13. The device of claim 1, wherein the therapeutically effective amount of light is a pulsed or continuous mode.
14. The device of claim 1, wherein the therapeutically effective amount of light has an effect selected from the group consisting of an anti-inflammatory effect; an anti-bacterial effect; a sterilizing effect; a pain-relieving effect; an increased immune response effect; a periodontal improvement effect; whitening and combinations thereof.
15. A method for improving the oral health of a subject comprising:
- administering a therapeutically effective amount of light to an oral cavity of the subject delivered from a light distributor, said light distributor having a distal end and a proximal end in communication with a light source; and
- contacting at least a portion of said light distributor with any portion of the oral cavity to admit light into the oral cavity.
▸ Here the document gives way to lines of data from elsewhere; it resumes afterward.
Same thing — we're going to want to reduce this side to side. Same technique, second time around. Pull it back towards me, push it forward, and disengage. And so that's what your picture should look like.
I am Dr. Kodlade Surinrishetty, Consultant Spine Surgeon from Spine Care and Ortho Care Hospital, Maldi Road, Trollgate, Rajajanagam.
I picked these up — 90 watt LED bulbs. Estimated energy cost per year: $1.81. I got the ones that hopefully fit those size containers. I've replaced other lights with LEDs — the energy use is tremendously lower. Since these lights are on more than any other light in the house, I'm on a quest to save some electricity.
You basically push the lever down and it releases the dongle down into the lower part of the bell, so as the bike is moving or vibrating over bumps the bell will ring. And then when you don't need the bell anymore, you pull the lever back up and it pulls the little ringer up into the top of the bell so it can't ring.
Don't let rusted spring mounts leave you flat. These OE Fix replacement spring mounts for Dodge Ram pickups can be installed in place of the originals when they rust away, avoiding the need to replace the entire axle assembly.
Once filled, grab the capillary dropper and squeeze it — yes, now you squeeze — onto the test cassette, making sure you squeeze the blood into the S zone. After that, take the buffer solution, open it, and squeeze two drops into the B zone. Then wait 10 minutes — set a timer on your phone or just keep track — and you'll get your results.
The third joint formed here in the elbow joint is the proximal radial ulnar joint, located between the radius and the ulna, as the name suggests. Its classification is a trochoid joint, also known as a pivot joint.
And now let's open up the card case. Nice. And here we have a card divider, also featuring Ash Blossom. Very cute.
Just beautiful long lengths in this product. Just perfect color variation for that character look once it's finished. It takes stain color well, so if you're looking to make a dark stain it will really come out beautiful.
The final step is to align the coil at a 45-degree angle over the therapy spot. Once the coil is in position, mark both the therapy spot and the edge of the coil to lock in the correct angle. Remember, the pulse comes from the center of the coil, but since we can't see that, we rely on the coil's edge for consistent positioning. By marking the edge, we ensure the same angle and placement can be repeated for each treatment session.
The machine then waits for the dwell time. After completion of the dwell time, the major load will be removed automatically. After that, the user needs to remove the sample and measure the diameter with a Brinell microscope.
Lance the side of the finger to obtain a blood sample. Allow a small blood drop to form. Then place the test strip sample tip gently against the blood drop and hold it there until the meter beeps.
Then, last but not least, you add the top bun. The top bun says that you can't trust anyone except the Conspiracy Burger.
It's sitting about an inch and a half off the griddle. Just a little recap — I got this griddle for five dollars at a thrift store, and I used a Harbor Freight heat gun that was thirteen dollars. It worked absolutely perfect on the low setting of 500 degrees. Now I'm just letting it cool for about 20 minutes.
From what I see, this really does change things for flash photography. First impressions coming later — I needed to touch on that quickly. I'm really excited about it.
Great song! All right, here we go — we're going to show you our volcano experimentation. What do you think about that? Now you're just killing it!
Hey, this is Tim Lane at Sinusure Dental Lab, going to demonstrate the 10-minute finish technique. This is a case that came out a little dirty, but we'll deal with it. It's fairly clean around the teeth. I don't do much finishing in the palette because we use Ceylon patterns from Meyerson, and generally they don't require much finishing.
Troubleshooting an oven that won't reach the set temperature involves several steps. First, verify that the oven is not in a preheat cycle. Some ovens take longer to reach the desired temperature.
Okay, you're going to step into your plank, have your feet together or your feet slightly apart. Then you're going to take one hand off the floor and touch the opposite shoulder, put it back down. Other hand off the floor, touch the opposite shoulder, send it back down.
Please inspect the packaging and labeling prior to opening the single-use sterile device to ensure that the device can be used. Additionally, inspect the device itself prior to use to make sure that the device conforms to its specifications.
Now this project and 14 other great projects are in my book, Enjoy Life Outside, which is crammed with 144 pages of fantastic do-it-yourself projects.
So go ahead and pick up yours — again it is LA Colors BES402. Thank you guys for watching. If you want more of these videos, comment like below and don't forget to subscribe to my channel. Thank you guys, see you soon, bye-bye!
16. The method of claim 15, wherein a therapeutically effective amount of an agent is administered to the oral cavity of the subject prior to administering the therapeutically effective amount of light to the oral cavity of the subject, wherein said agent is selected from the group consisting of an oxidizing agent; a cleaning agent; or combinations thereof.
17. The method of claim 15 wherein the therapeutically effective amount of light eliminates an amount of bacteria present in the oral cavity selected from the group consisting of from about 5% to about 100%; from about 5% to about 75%; from about 5% to about 50%; and from about 5% to about 25%.
18. A device useful for improving oral health, comprising a bidirectional illuminating plate for delivering light to the teeth or tooth upon contact thereon.
19. The device of claim 18 wherein said bidirectional illuminating plate comprises V-shaped grooves.
20. The device of claim 18 wherein said illuminating plate is adapted for fitting with the incisal edges of a subject's teeth.
21. The device of claim 18 wherein said illuminating plate comprises a pressure-sensitive gate adapted for allowing light through a subject's teeth upon exertion of pressure.
22. The device of claim 18 wherein said illuminating plate comprises a substantially opaque layer, said opaque layer thins upon application of pressure.
23. The device of claim 22 wherein said illuminating plate comprises a substantially opaque layer, said opaque layer increases in transparency upon application of pressure.
24. The device of claim 18 wherein said illuminating plate comprises a substantially flexible layer.